*Work request*: Consider the listing below. Extract exactly the lines from the line containing "Titanium Step Drill" to the line containing "Thumbnail - SCHÜTTE", both included.

Data for this exercise START

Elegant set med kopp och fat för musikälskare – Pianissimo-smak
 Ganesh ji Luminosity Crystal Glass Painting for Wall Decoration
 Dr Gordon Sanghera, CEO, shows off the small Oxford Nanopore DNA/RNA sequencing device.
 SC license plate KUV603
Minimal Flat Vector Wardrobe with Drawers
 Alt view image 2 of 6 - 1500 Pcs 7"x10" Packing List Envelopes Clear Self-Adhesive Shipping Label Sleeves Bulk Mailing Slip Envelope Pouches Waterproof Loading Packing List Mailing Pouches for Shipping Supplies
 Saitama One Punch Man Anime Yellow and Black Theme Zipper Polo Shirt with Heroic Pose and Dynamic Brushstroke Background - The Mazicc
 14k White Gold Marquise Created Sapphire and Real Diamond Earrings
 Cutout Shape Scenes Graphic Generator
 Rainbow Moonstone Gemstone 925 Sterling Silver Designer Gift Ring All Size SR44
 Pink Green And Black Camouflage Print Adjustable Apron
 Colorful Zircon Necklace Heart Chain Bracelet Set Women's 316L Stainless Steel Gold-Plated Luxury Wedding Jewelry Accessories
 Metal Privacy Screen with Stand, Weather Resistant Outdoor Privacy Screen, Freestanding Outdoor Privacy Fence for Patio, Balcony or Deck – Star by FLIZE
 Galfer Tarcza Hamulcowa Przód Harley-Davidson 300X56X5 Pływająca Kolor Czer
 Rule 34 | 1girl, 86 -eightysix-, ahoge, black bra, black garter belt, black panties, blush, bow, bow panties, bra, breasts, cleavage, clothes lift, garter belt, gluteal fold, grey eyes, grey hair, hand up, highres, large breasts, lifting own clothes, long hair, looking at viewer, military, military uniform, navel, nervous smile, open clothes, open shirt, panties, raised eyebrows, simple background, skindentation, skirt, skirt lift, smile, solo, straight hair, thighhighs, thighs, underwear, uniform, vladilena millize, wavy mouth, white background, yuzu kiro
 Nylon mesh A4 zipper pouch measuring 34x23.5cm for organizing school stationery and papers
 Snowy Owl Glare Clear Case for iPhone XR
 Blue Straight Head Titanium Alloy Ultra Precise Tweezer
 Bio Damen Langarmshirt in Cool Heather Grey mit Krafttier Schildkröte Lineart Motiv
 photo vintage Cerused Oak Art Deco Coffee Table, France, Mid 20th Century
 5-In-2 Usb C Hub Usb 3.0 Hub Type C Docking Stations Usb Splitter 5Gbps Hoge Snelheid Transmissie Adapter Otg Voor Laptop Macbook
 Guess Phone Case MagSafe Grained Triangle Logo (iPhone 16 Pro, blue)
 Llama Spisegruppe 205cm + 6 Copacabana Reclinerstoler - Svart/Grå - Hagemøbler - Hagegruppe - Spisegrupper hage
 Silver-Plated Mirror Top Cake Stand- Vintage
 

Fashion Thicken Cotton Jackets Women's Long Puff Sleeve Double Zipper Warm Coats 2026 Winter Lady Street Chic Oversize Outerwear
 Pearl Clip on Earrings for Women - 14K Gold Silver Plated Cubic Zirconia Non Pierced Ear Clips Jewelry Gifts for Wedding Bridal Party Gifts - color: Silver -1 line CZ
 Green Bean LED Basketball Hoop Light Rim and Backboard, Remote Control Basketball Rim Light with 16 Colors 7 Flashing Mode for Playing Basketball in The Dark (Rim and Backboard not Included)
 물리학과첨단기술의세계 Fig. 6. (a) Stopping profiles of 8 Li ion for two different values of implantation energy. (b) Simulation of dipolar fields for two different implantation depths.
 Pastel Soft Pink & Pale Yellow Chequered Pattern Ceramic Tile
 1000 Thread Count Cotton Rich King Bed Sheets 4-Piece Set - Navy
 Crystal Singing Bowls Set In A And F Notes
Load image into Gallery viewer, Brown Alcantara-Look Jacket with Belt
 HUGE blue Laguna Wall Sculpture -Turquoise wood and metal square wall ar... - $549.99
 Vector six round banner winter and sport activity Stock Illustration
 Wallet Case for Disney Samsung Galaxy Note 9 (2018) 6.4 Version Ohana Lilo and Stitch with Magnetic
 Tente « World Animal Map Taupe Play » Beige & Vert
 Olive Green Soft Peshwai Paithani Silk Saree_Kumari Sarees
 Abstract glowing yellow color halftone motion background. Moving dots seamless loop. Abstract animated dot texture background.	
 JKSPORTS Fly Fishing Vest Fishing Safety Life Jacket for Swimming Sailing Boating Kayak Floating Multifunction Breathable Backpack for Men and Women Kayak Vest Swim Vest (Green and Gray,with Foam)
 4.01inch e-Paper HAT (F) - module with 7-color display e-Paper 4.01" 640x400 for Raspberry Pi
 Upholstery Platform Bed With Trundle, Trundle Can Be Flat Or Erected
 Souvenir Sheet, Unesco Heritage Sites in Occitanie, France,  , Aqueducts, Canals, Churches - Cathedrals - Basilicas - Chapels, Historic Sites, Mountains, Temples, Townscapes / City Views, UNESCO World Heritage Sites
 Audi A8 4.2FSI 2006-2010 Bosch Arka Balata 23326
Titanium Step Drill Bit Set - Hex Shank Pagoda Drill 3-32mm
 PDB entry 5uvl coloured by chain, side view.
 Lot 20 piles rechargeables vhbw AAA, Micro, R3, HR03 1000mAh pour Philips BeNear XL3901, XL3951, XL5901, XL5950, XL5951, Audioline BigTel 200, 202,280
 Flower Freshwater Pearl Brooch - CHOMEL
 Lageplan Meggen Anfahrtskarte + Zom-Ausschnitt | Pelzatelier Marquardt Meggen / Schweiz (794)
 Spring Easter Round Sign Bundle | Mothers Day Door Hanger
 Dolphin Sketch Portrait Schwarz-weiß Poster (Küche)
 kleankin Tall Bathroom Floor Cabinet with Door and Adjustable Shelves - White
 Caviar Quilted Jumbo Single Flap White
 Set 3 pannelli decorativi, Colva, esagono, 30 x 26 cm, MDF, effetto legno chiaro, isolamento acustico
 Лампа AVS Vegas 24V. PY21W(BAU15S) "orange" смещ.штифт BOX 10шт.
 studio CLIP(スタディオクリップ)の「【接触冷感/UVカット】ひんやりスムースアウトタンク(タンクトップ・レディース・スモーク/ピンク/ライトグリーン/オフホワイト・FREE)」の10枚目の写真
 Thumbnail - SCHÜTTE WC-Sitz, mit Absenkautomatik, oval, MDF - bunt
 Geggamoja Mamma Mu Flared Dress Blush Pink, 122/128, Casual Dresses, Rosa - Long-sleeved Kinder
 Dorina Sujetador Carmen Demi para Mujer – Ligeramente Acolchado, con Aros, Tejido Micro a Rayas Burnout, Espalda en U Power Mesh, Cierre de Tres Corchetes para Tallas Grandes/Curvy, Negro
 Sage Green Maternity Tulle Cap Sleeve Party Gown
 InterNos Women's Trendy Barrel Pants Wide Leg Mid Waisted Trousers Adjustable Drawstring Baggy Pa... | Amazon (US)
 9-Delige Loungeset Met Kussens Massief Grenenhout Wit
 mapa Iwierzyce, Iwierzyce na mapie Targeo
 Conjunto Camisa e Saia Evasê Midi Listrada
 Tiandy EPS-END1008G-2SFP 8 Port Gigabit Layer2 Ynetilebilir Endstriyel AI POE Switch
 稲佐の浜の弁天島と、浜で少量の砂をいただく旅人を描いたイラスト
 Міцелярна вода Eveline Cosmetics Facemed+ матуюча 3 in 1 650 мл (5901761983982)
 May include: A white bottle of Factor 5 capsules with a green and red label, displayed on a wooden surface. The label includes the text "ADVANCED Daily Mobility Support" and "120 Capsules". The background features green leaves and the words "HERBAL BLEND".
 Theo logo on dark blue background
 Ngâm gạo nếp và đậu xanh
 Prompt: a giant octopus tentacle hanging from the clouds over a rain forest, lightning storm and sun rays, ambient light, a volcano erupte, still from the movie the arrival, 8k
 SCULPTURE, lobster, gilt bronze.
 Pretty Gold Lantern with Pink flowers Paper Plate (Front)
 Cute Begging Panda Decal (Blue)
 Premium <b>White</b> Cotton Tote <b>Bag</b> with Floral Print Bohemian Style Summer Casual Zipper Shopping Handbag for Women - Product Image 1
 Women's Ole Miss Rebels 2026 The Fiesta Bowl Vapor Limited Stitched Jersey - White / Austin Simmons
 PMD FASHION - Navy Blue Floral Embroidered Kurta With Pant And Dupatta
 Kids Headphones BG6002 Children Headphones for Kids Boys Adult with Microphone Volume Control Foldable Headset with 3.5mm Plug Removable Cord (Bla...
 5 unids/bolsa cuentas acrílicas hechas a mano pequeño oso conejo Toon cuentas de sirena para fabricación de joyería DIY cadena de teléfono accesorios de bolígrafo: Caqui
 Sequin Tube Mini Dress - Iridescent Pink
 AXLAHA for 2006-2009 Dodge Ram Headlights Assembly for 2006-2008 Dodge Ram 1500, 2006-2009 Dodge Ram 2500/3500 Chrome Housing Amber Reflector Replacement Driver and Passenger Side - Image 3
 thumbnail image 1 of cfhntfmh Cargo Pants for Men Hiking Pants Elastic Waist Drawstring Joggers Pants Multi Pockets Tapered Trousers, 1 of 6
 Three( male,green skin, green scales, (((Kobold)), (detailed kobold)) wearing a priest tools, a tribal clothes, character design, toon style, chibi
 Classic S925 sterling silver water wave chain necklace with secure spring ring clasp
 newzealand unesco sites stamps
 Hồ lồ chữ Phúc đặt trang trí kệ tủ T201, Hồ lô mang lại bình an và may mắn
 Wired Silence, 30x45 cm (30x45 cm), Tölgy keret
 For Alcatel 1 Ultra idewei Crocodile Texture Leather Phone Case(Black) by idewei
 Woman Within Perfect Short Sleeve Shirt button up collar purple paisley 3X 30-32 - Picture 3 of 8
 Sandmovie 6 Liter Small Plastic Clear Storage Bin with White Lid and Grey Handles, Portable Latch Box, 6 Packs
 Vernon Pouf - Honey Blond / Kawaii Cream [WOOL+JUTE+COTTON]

Data for this exercise END

*Exercise answer*:
Titanium Step Drill Bit Set - Hex Shank Pagoda Drill 3-32mm
 PDB entry 5uvl coloured by chain, side view.
 Lot 20 piles rechargeables vhbw AAA, Micro, R3, HR03 1000mAh pour Philips BeNear XL3901, XL3951, XL5901, XL5950, XL5951, Audioline BigTel 200, 202,280
 Flower Freshwater Pearl Brooch - CHOMEL
 Lageplan Meggen Anfahrtskarte + Zom-Ausschnitt | Pelzatelier Marquardt Meggen / Schweiz (794)
 Spring Easter Round Sign Bundle | Mothers Day Door Hanger
 Dolphin Sketch Portrait Schwarz-weiß Poster (Küche)
 kleankin Tall Bathroom Floor Cabinet with Door and Adjustable Shelves - White
 Caviar Quilted Jumbo Single Flap White
 Set 3 pannelli decorativi, Colva, esagono, 30 x 26 cm, MDF, effetto legno chiaro, isolamento acustico
 Лампа AVS Vegas 24V. PY21W(BAU15S) "orange" смещ.штифт BOX 10шт.
 studio CLIP(スタディオクリップ)の「【接触冷感/UVカット】ひんやりスムースアウトタンク(タンクトップ・レディース・スモーク/ピンク/ライトグリーン/オフホワイト・FREE)」の10枚目の写真
 Thumbnail - SCHÜTTE WC-Sitz, mit Absenkautomatik, oval, MDF - bunt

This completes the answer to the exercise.